The Warsaw meeting brought one more migration topic on to the agenda: human trafficking. Last year worldwide, four million people - most of them women and children - were trafficked, and several Central European routes are prominent. One leads through the Balkans, where victims are sold to brothels and on markets, and continues via Slovenia and Hungary to European Union countries. Another route from Moscow and Belarus passes through Poland, and traffickers of Far Eastern victims commonly use the Czech Republic and Slovakia or Hungary to reach Western Europe's flesh markets.
Trafficking, the Warsaw meeting agreed, is a law enforcement issue but also a humanitarian problem. Red Cross strategy has yet to be developed but action has begun.
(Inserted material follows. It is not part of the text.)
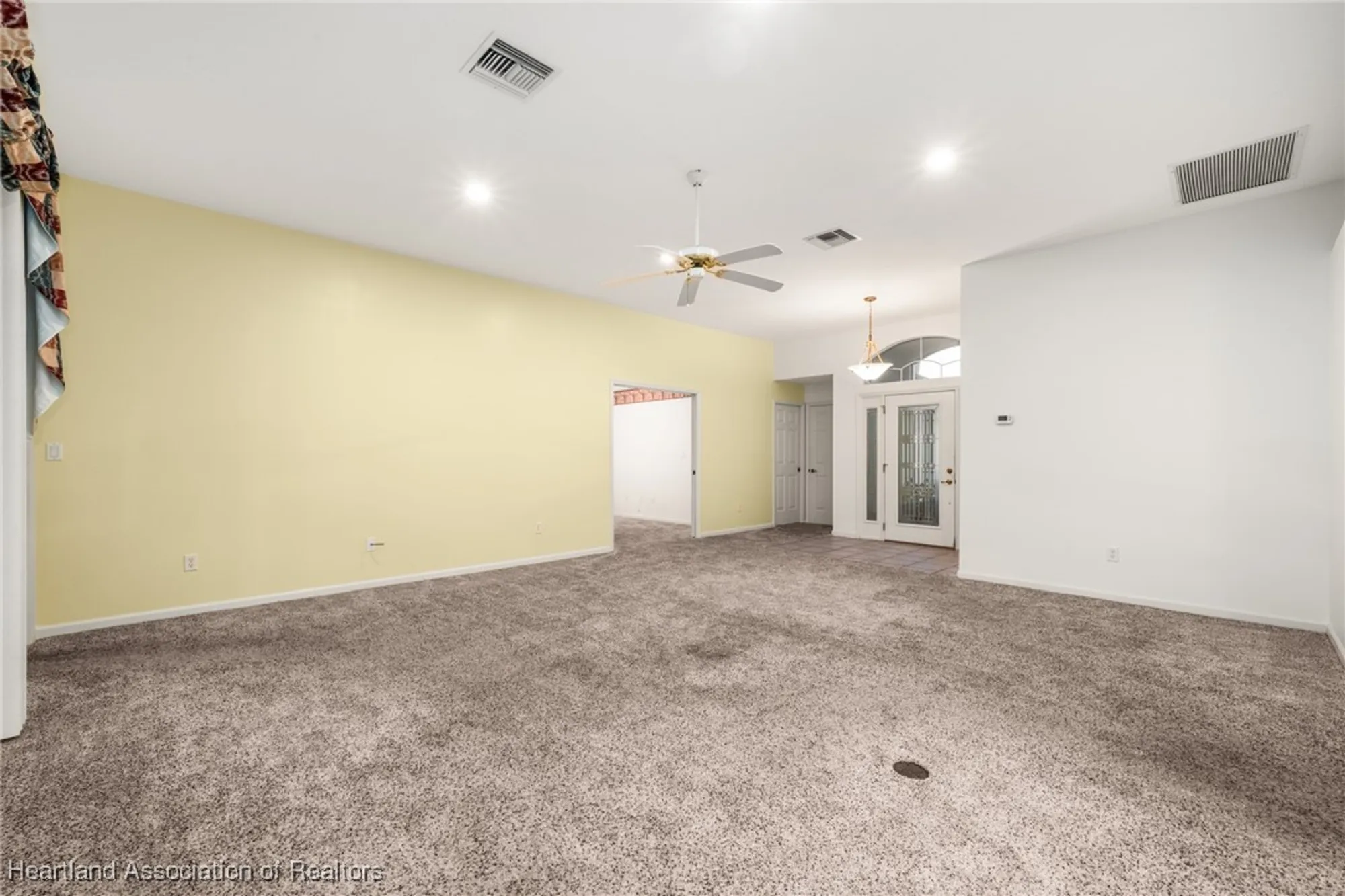 Property Slideshow image 7 of 47 | 4008 carter creek dr, Avon Park, FL, 33825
Red Cross safe houses for women who escape forced prostitution already exist in Central Europe.
If the issues in Warsaw reflected one thing it was a Red Cross grappling with a changing humanitarian environment to stay by the side of the most vulnerable, be they flood victims, migrants, sex workers or drug addicts. Today in Central Europe, intravenous drug use presents the greatest risk of a rapid spread of HIV, and harm reduction also made the agenda. Red Cross harm reduction programmes, such as the exchange of needles and syringes, are increasing in the region. Protecting drug users from blood-related disease, a working group agreed, also protects the community. Warsaw reflected, too, a Red Cross unafraid of controversy.